VPC: Log aliran VPC, Log Alamat IP Elastis.
Server Load Balancer (SLB): Log akses ALB, Log akses, Log akses Layer-7 untuk Classic Load Balancer (CLB), dan metrik pemantauan Layer-4 per detik untuk Classic Load Balancer (CLB).
Object Storage Service: Log akses OSS.
File Storage NAS: Analisis log berdasarkan SLS.
CloudConfig: Log Audit Konfigurasi.

FAQ

Mengapa status koneksi sumber data menunjukkan "Abnormal" atau "Tidak terhubung"?
Periksa item-item berikut secara berurutan:
1. Izin RAM: Periksa apakah peran terkait layanan AliyunServiceRoleForSas untuk CTDR memiliki izin untuk mengakses Logstore SLS (minimal AliyunLogReadOnlyAccess). Ini adalah penyebab paling umum.
2. Informasi konfigurasi: Pada halaman edit sumber data di CTDR, periksa apakah nama Wilayah, Project, dan Logstore SLS benar. Pastikan tidak ada kesalahan ejaan atau spasi tambahan.
3. Status Logstore sumber: Masuk ke konsol SLS dan pastikan Project tidak dinonaktifkan serta data baru sedang ditulis ke Logstore.
Mengapa kebijakan akses gagal diaktifkan?
Satu dataset StoreView (ditentukan oleh Standardization Category or Structure di Standardized Rule) dapat dilampirkan ke maksimal lima kebijakan akses dalam mode 'Scan Query'. Jika Anda melebihi batas ini, kebijakan akses gagal diaktifkan.
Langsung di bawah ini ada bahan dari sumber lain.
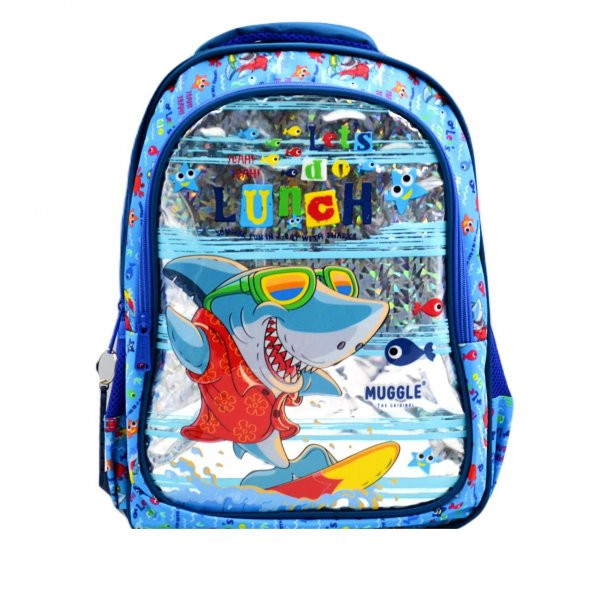 Muggle 2 Bölmeli Cute Shark Mavi Okul Sırt Çantası(MU-0044)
Untuk solusinya, lihat Kebijakan akses gagal diaktifkan.
Apa yang dapat saya lakukan jika pengujian standarisasi log gagal atau data tidak dapat diurai?
- Periksa apakah Logstore sumber berisi data: Pastikan log baru telah ditulis ke Logstore SLS, sebaiknya dalam satu jam terakhir. Jika Logstore kosong, pengujian tidak dapat dilanjutkan.
- Periksa apakah aturan standarisasi cocok: Jika Anda menggunakan aturan kustom, pastikan pernyataan SPL dapat mengurai format log mentah dengan benar. Anda dapat men-debug pernyataan SPL di halaman kueri dan analisis di konsol SLS.